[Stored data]
____________________
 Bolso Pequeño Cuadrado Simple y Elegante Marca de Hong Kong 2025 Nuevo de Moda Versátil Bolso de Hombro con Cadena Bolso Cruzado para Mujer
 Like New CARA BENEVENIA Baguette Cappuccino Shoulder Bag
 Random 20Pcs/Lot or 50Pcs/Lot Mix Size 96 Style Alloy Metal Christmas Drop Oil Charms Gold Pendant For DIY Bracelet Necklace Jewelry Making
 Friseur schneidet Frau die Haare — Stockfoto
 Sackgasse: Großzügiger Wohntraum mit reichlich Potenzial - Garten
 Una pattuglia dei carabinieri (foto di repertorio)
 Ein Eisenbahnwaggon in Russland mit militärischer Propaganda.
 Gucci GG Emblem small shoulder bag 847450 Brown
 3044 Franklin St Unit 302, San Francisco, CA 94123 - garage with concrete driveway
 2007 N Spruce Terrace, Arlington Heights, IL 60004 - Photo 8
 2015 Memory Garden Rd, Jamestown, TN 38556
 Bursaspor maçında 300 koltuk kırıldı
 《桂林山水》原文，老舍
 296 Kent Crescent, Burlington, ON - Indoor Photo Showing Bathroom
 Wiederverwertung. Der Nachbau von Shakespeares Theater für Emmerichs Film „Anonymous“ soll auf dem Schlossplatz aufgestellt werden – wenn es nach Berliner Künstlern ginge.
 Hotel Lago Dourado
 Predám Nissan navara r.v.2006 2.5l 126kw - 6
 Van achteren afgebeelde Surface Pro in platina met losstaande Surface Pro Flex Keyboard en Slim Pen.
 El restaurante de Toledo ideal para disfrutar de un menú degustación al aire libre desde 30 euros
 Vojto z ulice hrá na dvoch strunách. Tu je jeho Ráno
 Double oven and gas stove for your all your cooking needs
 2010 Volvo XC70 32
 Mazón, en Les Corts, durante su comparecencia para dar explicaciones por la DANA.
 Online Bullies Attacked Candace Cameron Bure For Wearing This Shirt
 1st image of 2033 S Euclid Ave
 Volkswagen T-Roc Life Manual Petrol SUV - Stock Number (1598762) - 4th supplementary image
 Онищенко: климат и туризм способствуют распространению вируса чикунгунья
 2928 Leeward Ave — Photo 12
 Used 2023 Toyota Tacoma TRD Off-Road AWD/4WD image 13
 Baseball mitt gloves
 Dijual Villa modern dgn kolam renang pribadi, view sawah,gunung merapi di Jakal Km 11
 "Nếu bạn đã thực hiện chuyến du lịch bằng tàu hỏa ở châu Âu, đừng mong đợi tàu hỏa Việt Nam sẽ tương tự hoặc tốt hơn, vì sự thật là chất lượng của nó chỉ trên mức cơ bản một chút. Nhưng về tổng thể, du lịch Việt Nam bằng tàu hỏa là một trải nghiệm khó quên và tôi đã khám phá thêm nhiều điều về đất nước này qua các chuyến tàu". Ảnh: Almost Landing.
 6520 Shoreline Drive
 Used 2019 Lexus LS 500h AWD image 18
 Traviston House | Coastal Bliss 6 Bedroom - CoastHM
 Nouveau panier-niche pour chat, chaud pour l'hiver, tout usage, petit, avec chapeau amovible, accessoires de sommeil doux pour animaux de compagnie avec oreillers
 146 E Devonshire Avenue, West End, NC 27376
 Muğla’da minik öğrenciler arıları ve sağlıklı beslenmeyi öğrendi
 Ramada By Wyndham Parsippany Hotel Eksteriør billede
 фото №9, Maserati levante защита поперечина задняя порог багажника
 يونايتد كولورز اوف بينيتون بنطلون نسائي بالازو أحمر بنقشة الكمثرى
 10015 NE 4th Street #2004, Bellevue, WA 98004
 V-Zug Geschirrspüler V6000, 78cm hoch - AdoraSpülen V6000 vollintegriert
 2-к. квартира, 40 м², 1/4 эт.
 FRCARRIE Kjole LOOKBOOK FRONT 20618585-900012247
____________________
→ Instructions for the task
Search the records for the string "Photo" and, wherever a line contains it, please copy that line.

→ Final answer
 2007 N Spruce Terrace, Arlington Heights, IL 60004 - Photo 8
 296 Kent Crescent, Burlington, ON - Indoor Photo Showing Bathroom
 2928 Leeward Ave — Photo 12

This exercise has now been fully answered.